Sunny's "moments" are very few, and I've learned to avoid them/what causes them, so she really never has them anymore. I would say Sunny does trust me a lot.

I will try and tran with Fluffi separately, and I have been interacting with them, both about 20 minutes every evening; Sunny outside, Fluffi inside. As I said, I'll be sure to start giving her individual sessions every day now ^^


----------



## Lore (Dec 5, 2016)

Sounds like you've already worked up a bit of a routine in training, that's good! 
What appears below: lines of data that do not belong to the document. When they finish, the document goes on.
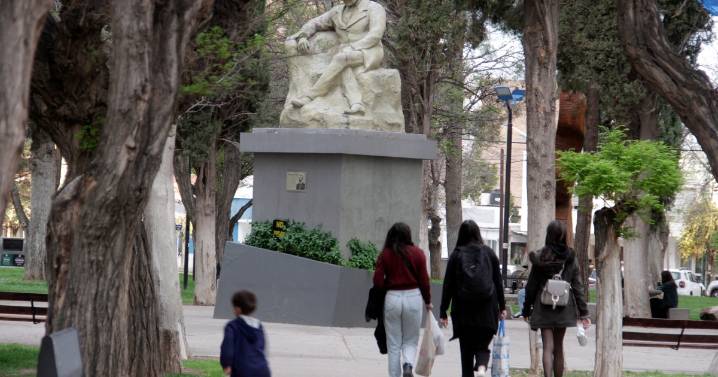 Indemnizan a una mujer que se cayó en una plaza del centro de Neuquén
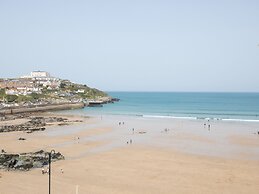 Onshore 6 - Newquay Towan Beach View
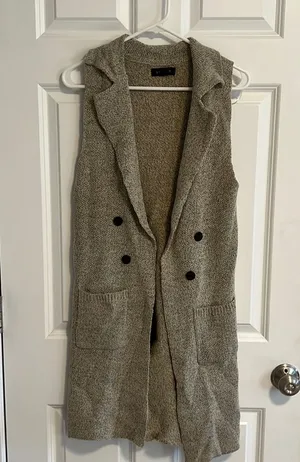 Super cozy over layer for this fall!! Size M thumbnail 1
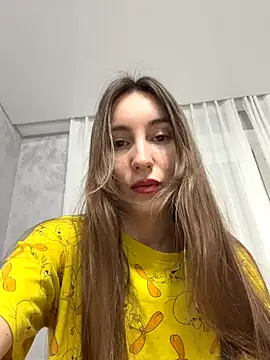 Snapshot of viviandaimond1 chatting on October 2025 06:45:02 PM viviandaimond1 online show from October 2025 06:45:02 PM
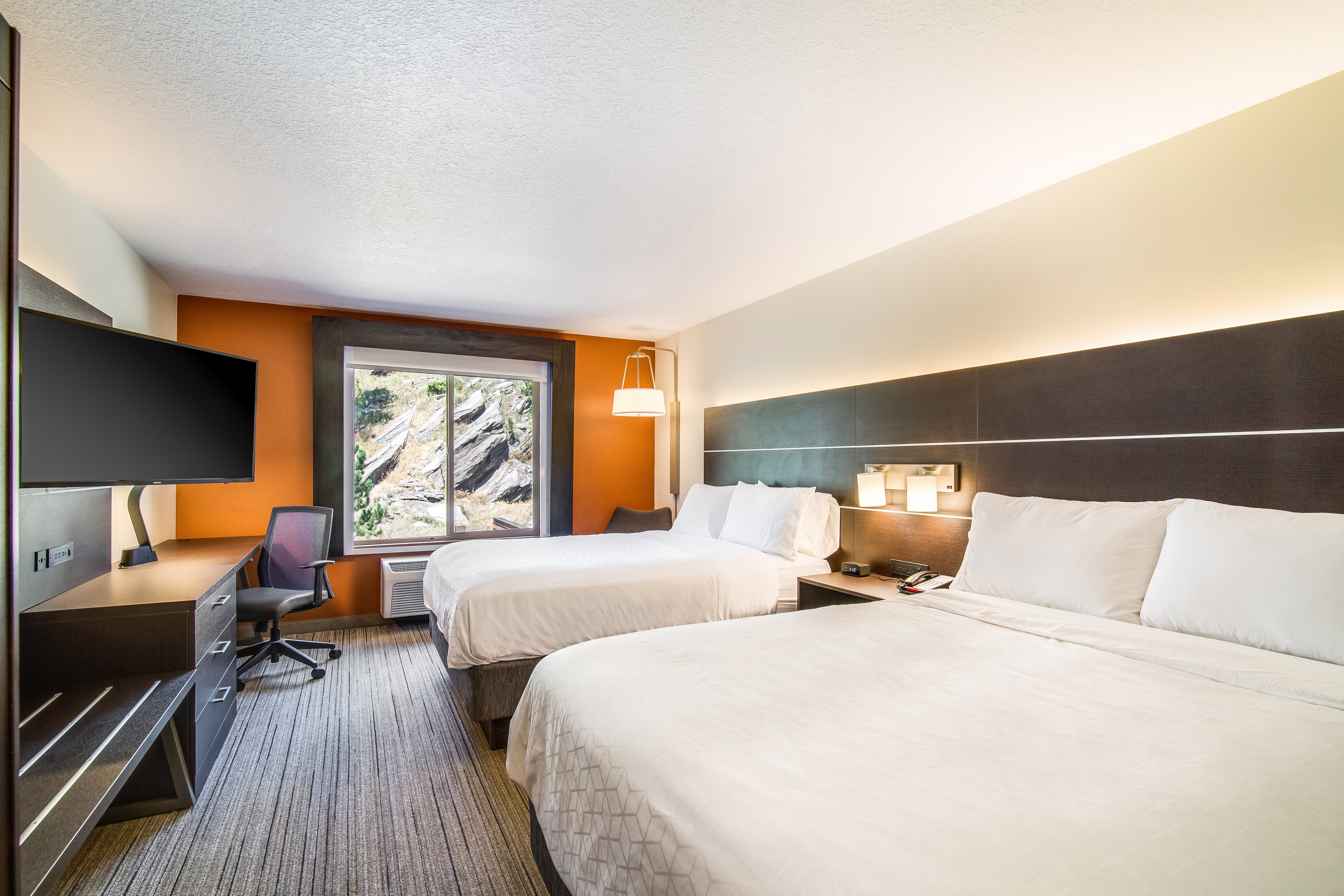 holiday inn express hotel and suites custer by ihg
Back when I had my Parrotlets (two young males, I sadly had to let them go to another house though) I tried to get them more used to my hands in the cage by offering millet. They would eat it out of my hand up to very close to my fingers. I never got them as far as to sit on my hand/finger to eat it off my palm, since they moved away before that. That's maybe something to try though, putting it on the palm of your hand and just wait and see if Fluffi is willing to step up on your finger or hand? 
I used to rest my hand or arm on something for extra stability, and so that my arm wouldn't get tired and shaky after a while, hehe.

If Sunny gets jealous easily, she might interrupt your training with Fluffy. Maybe you can ask a friend to go play with Sunny in another room while you work with Fluffi in the cage. Or if that's not possible, you could put Sunny in a travel cage in another room, for the duration of the trainingsession with Fluffy (if Sunny is comfortable with that, though that would be good exercise/training too!)
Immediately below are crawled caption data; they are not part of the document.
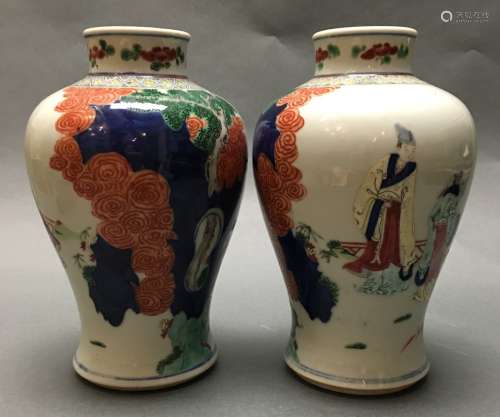 pair of Chinese wucai meiping vases, Qing dynasty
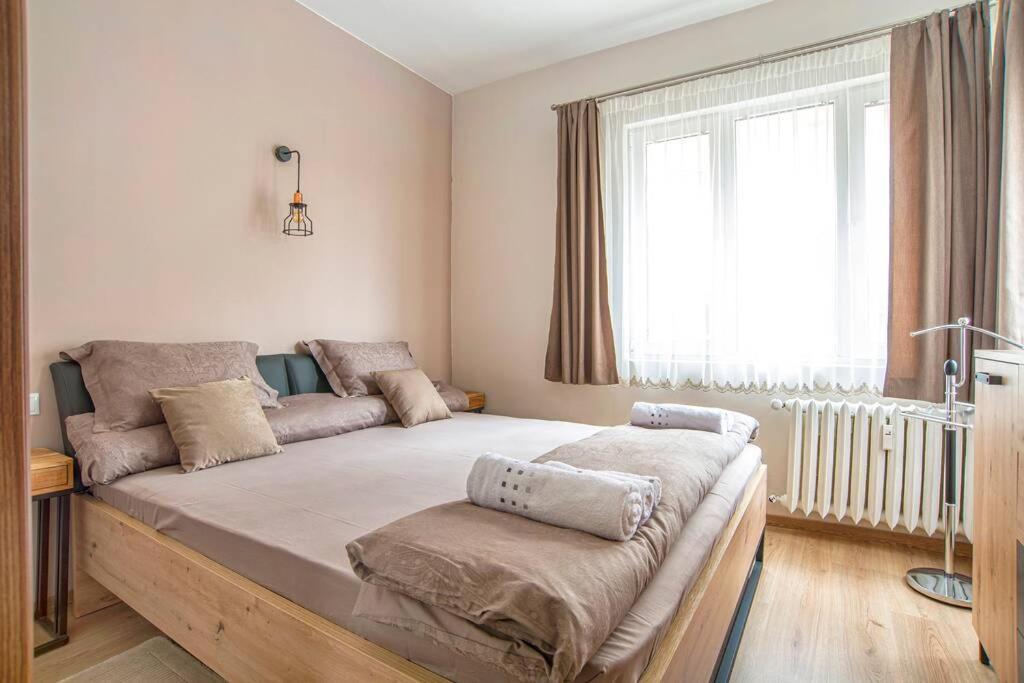 Elegant & Stylish 2 Bedroom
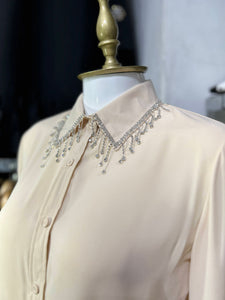 Blusa ivory de gasa manga larga con detalles de pedreria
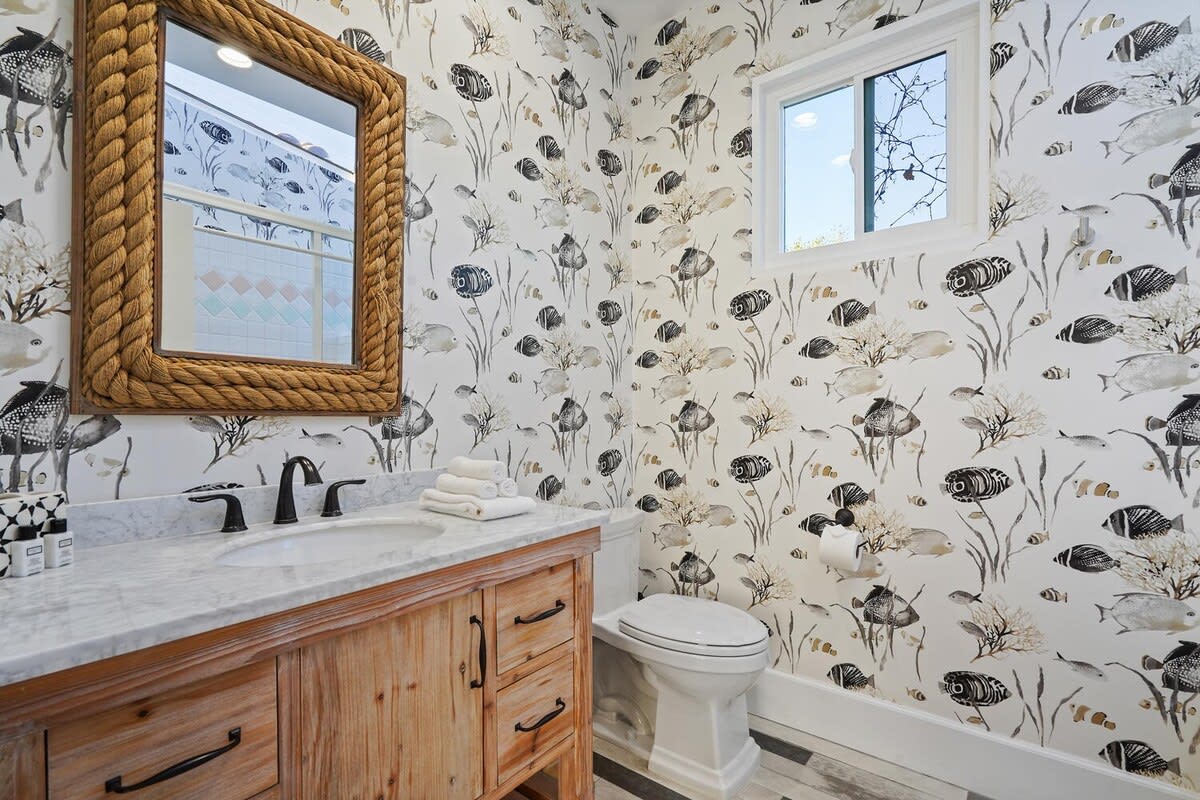 Full guest bathroom with charming decor.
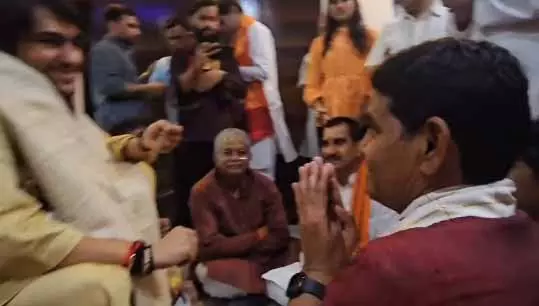 धीरेन्द्र शास्त्री ने मंत्री टंकराम वर्मा की तारीफ की, भजन सुना धीरेन्द्र शास्त्री ने मंत्री टंकराम वर्मा की तारीफ की, भजन सुना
Hope this helps! Also if someone disagrees with anything I say, do please say so. No hard feelings, I am new to owning cockatiels myself and still learning.


----------



## roxy culver (May 27, 2010)

The only way to really work with Fluffi is going to be when Sunny isn't around. Yes, you can spend time with them together, but you need to set aside time with Fluffi alone, in another room, away from the cage. She flies away when outside the cage because Sunny and the cage are right there and she knows them. Take her into another room (you can put her in a small travel cage if that makes it easier) and work with her there. When you are done, bring her back and give them both attention!


----------